TL;DR: No, only 25% of collisions will be able to result in a bond.
In general, when you "measure" something in quantum mechanics, you force the system into the eigenvalues and eigenfunctions to some operator. In your case, you are looking at the electron spins, and once you measure them, your overall system is collapsed into an eigenstate of the spin operator. For a hydrogen molecule with its two electrons, those eigenstates are a singlet state $\alpha \beta - \beta \alpha$, and a triplet state with three "microstates" $\alpha \alpha$, $\beta \beta$ and $\alpha \beta + \beta \alpha$.
In the non-interacting case, we assume that each spin result ($\alpha$ or $\beta$) is measured with 50% probability on each of the free atoms.1 Then, for any pair of atoms, we measure each binary spin combination $\alpha \alpha$, $\alpha \beta$, $\beta \alpha$ and $\beta \beta$ with the same 25% probability. If those atom pairs now draw closer together and start to interact, then the $\alpha \beta$ and $\beta \alpha$ combinations must combine to form either the triplet or singlet microstates with equal probability; in other words, isolated atoms with opposite spins have equal chances of forming a singlet or a triplet state when they interact. However, the $\alpha \alpha$ and $\beta \beta$ combinations are also still possible, and since they belong to the triplet state, the latter still wins over the competing singlet state with a 3:1 ratio. And since we know that only the singlet state leads to formation of a bond, we expect 25% of atom collisions to be able to form a hydrogen molecule.
NOTE: As @Paul pointed out in the comments, the explanation here is solely regarding the probabilities of bond formation that come from the spin statistics. There are further effects from collision cross-sections and energy dissipation that I am not taking into account here. In reality, less than the 25% of atom-atom collisions stated above would actually result in the formation of a bonded molecule.

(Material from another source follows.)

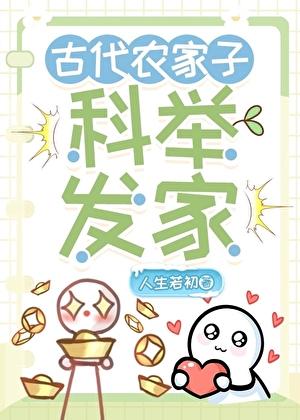 农家科举，喜提躺赢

You may wonder: "If we measure eigenstates to the spin operator, how can the isolated atoms yield the specific spins combinations $\alpha \beta$ and $\beta \alpha$? The spin operator is still the same, so why wouldn't we expect to see the singlet and triplet states again? What happened to them?"

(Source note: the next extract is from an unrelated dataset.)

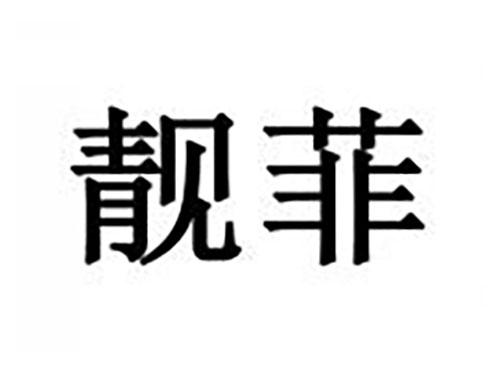 靓菲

At this point, it's vital to remember one important rule: Any linear combination of eigenfunctions to the same eigenvalue is again an eigenfunction. 2 When two atoms are non-interacting, measuring the singlet or triplet microstates of $\alpha \beta \pm \beta \alpha$ is still perfectly possible; but the same is true for their linear combinations that form the "distinct" $\alpha \beta$ and $\beta \alpha$ states.3 What you measure now depends on what answer you seek, and each set of answers is as valid as the other. (But again, this is only true if there is no energy difference between the triplet and singlet states.)
Footnotes
1 Note that I'm treating this as the premise of your question. If your ensemble of atoms does not conform to this assumption, e.g., due to the presence of external fields, then the answer will also be different.
2 This is very easy to show. Assume $\hat{O} \Psi_1 = E_1 \Psi_1$ and $\hat{O} \Psi_2 = E_2 \Psi_2$, with $E_1 \ne E_2$. Then, $\hat{O} (a\Psi_1 + b\Psi_2) \ne (E_1 + E_2) (a\Psi_1 + b\Psi_2)$. However, if $E_1 = E_2 = E$, then $\hat{O} (a\Psi_1 + b\Psi_2) = E (a\Psi_1 + b\Psi_2)$.
3 Let $\alpha \beta + \beta \alpha = \Psi_1$ and $\alpha \beta - \beta \alpha = \Psi_2$, then $\frac{1}{2} (\Psi_1 + \Psi_2) = \alpha \beta$ and $\frac{1}{2} (\Psi_1 - \Psi_2) = \beta \alpha$.